* PROBLEM STATEMENT
Where "Premium" occurs in a line of the entries below, copy that line.

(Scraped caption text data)
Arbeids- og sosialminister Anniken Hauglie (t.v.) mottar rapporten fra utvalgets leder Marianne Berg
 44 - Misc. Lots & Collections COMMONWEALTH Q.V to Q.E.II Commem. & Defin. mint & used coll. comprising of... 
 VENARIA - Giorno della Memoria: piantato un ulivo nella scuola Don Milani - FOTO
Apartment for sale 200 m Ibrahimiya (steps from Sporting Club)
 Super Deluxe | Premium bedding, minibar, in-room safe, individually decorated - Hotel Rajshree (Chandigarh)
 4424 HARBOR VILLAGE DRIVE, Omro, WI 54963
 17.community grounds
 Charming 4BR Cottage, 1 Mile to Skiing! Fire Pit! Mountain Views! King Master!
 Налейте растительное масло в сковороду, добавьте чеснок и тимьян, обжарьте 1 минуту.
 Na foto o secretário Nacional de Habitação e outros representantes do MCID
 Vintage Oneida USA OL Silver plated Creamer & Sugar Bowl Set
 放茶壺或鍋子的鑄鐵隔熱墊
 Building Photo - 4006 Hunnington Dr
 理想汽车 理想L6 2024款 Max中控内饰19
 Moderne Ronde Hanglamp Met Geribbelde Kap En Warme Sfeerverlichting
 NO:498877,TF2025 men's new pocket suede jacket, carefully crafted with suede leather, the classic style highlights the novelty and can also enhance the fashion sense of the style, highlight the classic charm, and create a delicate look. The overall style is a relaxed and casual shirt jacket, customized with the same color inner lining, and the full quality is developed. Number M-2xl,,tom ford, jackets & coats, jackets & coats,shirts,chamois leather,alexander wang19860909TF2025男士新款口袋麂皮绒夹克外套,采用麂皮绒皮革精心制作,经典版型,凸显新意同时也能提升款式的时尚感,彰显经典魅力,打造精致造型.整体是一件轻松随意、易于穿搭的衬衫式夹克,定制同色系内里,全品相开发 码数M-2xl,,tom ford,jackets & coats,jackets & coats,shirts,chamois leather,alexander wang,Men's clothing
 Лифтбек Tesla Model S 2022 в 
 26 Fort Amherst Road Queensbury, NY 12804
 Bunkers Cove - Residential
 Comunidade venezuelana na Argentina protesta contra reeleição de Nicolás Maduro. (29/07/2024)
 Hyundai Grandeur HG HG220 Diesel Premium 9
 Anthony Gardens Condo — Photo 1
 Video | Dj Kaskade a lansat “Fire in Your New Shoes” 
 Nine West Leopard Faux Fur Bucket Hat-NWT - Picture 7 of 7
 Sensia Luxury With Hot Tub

* RESULT OF THIS TASK
 Super Deluxe | Premium bedding, minibar, in-room safe, individually decorated - Hotel Rajshree (Chandigarh)
 Hyundai Grandeur HG HG220 Diesel Premium 9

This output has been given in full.